Household impact work in several states reinforces earlier findings that rural drivers, who often use less fuel-efficient vehicles and therefore pay more fuel tax per mile, would on average pay less under an MBUF than under the current fuel-tax-only system.
The report notes that results “continue to show rural drivers would benefit from MBUF” on average, challenging a common perception that distance-based fees are inherently unfair to rural communities.
It also finds that vehicle type is a stronger predictor of how much a household would pay under different systems than location alone.
Pilot evaluations indicate that concerns about privacy, data accuracy and system complexity tend to diminish once participants have direct experience of an MBUF scheme.
In Georgia and other participating states, reported worries about mileage accuracy and data security fell after drivers completed pilot programmes.
Participants in New Jersey’s electric vehicle pilot often viewed mileage-based charging as fairer than flat EV fees because contributions were tied more closely to actual road use.
A second major conclusion is that state policymakers need clear, state-specific evidence before considering legislative change.
To support this, the Coalition developed “revenue sound bites” and a revenue policy visualisation tool that quantify projected gas tax losses under different fuel-economy and EV uptake scenarios and compare options such as MBUF, EV surcharges and kilowatt-hour-based charges.

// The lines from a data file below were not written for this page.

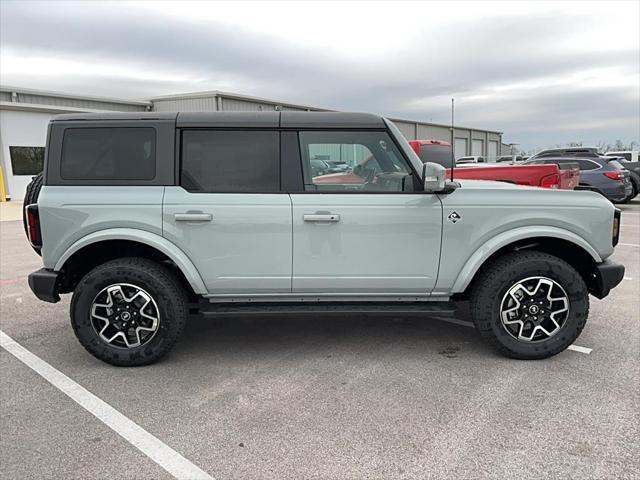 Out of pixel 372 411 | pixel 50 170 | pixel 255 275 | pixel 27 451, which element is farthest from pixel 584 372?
pixel 50 170

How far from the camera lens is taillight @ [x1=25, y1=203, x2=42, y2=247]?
3660 mm

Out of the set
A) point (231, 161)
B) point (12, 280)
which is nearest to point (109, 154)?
point (231, 161)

Across all sound bites, the report finds that, in the near term, most revenue loss is driven by improved fuel economy rather than EV adoption, although EVs become a larger factor over time.

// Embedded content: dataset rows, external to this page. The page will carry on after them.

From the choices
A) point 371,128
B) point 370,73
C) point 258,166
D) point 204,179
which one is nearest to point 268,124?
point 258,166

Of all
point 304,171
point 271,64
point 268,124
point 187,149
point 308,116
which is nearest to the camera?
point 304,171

In Maine, for example, the sound bite shows an expected 18% decline in gas tax revenue by 2030 from improvements in vehicle efficiency and a further 10% decline due to EVs, equivalent to a projected US$1.567bn annual reduction compared with a frozen 2023 fleet.

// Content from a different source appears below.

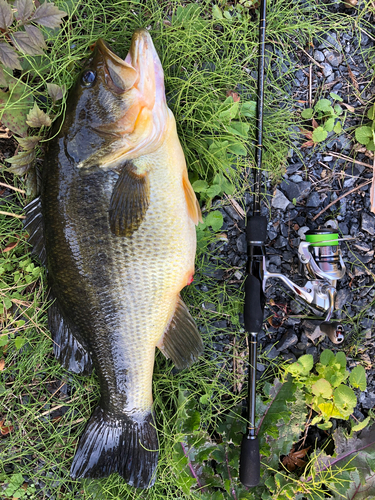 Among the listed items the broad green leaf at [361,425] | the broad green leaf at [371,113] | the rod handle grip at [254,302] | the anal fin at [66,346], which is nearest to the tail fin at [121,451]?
the anal fin at [66,346]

The report argues that these tools help decision-makers “put a number on the cost of doing nothing” and understand the trade-offs between different policy choices.
A third key finding is that collaboration and knowledge sharing across agencies and states are critical to overcoming practical implementation challenges.
Through its MBUF Steering Committee, peer exchanges and workshops, the Coalition brought together departments of transportation, motor vehicle agencies, tolling authorities, freight operators and other stakeholders to discuss enforcement, rate setting, privacy safeguards, interoperability and administrative cost control.
Participants highlighted the value of learning from other jurisdictions’ pilots and urged further national work on common data standards and a broader public education effort on how roads are funded.
Overall, the Phase 5 report positions MBUF as a technically feasible option that could replace or supplement fuel tax in the Eastern United States, provided that public education, state-level analysis and cross-agency collaboration continue to be developed alongside any future policy proposals.
It concludes that while no single solution will suit all states, the tools and findings from Phase 5 offer a framework for evaluating how distance-based charging might be designed and communicated if states or the federal government decide to move away from the traditional pay-at-the-pump model.